● **RECORDS PROVIDED**
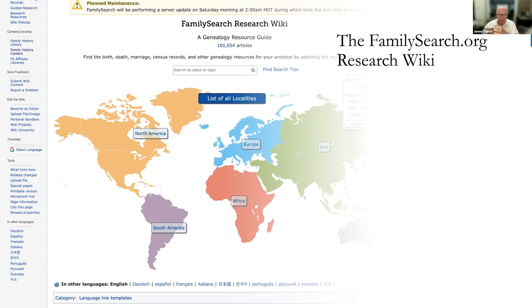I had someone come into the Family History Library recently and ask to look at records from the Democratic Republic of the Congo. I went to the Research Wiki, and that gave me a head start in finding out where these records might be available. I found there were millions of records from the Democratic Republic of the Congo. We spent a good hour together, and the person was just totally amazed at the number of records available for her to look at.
...
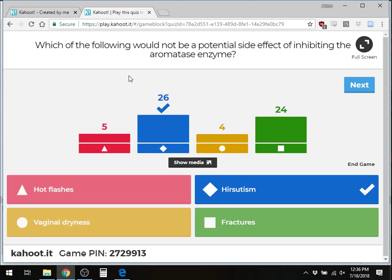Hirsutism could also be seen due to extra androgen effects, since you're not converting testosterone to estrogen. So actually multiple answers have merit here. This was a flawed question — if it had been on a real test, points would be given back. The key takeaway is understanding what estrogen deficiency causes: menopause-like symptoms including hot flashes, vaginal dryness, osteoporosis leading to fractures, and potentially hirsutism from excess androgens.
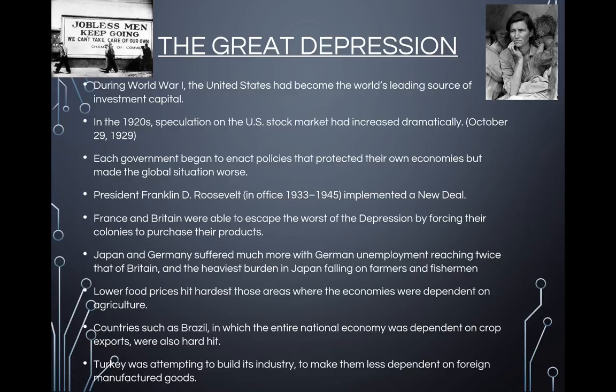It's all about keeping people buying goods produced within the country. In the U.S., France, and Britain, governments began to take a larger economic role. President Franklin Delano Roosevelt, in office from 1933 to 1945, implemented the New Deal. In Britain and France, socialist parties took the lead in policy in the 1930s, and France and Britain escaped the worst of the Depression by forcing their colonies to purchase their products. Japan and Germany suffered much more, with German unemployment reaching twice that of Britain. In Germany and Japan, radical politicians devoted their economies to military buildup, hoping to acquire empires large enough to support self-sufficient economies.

● **EXERCISE**
Could you output exactly the lines above, from the line with "Hirsutism could also" up to and including the line with "It's all about", and nothing else, skipping the pictures?

● **OUTPUT BELOW**
Hirsutism could also be seen due to extra androgen effects, since you're not converting testosterone to estrogen. So actually multiple answers have merit here. This was a flawed question — if it had been on a real test, points would be given back. The key takeaway is understanding what estrogen deficiency causes: menopause-like symptoms including hot flashes, vaginal dryness, osteoporosis leading to fractures, and potentially hirsutism from excess androgens.
It's all about keeping people buying goods produced within the country. In the U.S., France, and Britain, governments began to take a larger economic role. President Franklin Delano Roosevelt, in office from 1933 to 1945, implemented the New Deal. In Britain and France, socialist parties took the lead in policy in the 1930s, and France and Britain escaped the worst of the Depression by forcing their colonies to purchase their products. Japan and Germany suffered much more, with German unemployment reaching twice that of Britain. In Germany and Japan, radical politicians devoted their economies to military buildup, hoping to acquire empires large enough to support self-sufficient economies.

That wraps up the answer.